Having the Sage process start by forking will be critical to making this
webpage fast enough to be really useful, I think, as well as making the
load on the server bearable. What security implications are there in
forking a Sage process several times for different users?
Jason
I think this is a GREAT idea. If I recall correctly, didn't we
implement almost exactly this in about 30 minutes during Bug Days? It
would need some polish and the addition of sessions, but it's almost
there, right?
I think it would need (maybe grouped in version numbers):
0.1:
* implement a computation id assigned to each post request
* javascript to receive a computation id after request and continue
polling for that result
* make workers working in a virtual machine for security
* implement forking Sage to start up a new worker process to lower
load and latency
0.2:
* the "stream" protocol we discussed for transmitting generated files
or other information
* javascript to handle the different streams (e.g., an image stream, a
jmol stream, etc.)
0.3:
* public interacts
Thanks,
Jason
+1
> * javascript to receive a computation id after request and continue polling
> for that result
+1
> * make workers working in a virtual machine for security
Could be in 0.2. For now could use the same worksheet user on boxen
that is used by sagenb.org.
> * implement forking Sage to start up a new worker process to lower load and
> latency
Could be easy using @fork:
http://trac.sagemath.org/sage_trac/ticket/9631
Also need:
* configure a mod_wsgi setup to server flask.
> 0.2:
> * the "stream" protocol we discussed for transmitting generated files or
> other information
> * javascript to handle the different streams (e.g., an image stream, a jmol
> stream, etc.)
>
> 0.3:
> * public interacts
>
> Thanks,
>
> Jason
>
>
--
There's also (d) an online version of SageTeX that uses this system
instead of the current "simple server API".
Dan
--
--- Dan Drake
----- http://mathsci.kaist.ac.kr/~drake
-------
Since I will be working on an online library of interacts this summer, I
will definitely get something like this up by then if it's not already
up. I'm also going to announce this project to our CS students and see
if anyone is interested in forming a small working group here at Drake
for helping with this.
Jason
Certainly not.
> Is there a chance that there is
> a improvement from of the flask rewrite?

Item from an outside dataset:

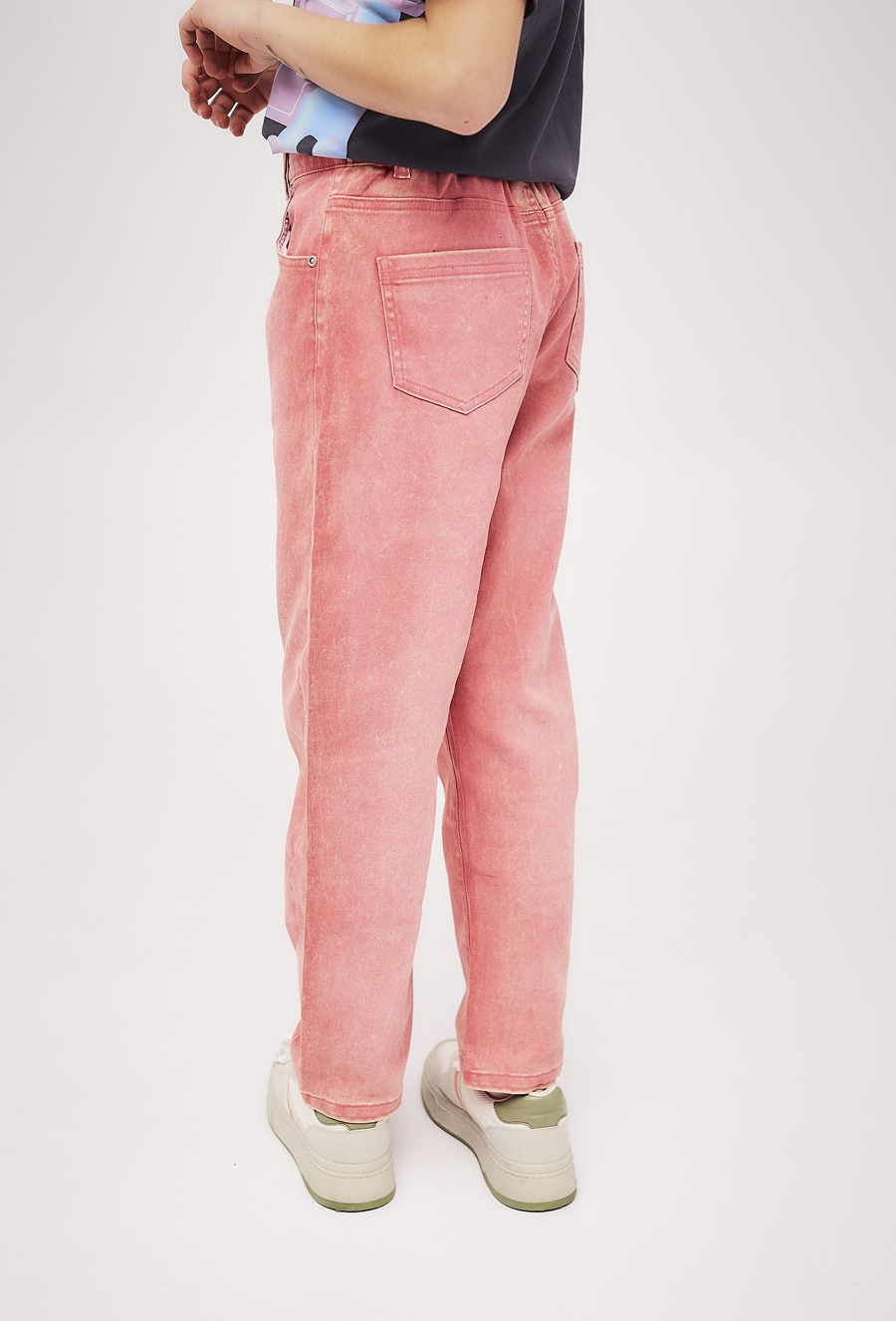 Różowe jeansy dziewczęce - luźny ój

It's possible, but I doubt it.
> What if we run the WGSI flask
> app with apache (I dont know how to do that, but its feasible) or even
> upgrade twisted (since we don't really need twisted web 2 anymore)?

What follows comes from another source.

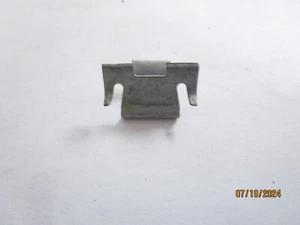 Genuine GM OEM Front Door-Switch Panel Retainer 22603516 - Picture 1 of 5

I doubt any of that would help at all. I don't think WSGI flask +
apache is even possible.
> For the other projects, I can help with the client-side (javascript).
Awesome!
> The one shot eval sounds like a good start to iron out the
> specifications and the communication protocol before starting with the
> whole notebook. As a final feature, the new flask notebook supports
> openid, which I think will be more attractive to new users; all it
> takes is a gmail account.
That is so awesome!!!
>
> Rado
Fantastic! What is needed to write tests using flask's native test
suite? Is that a small task or a big task? Are you referring to this:
http://flask.pocoo.org/docs/testing/ ?
Jason
I see there being rather fundamental differences between the two
designs. By database-centric, I meant that *everything* goes through
the database and nothing really lives outside of the database (i.e.,
everyone goes through the database for any information, and immediately
puts things back in the database). In Alex's design, the database just
stores worksheets and is updated when a worksheet is saved. The primary
work is done outside of the database with a server-side process that
maintains state and communicates with the workers.
One of the nice things of mongodb is sharding. this means, you can
define a cluster of machines with a "master" where the data is
distributed among them. simple example, the lowest bit of the hash of
a designated "shard key" for an object decides, if the data is on
machine a or b. I think, after looking at
http://www.mongodb.org/display/DOCS/Choosing+a+Shard+Key that a good
shard key is the user-id. Then, the user's worksheets are always on
one machine and concurrent writes to different users are distributed -
at the same time, queries/updates for one user only hit one machine.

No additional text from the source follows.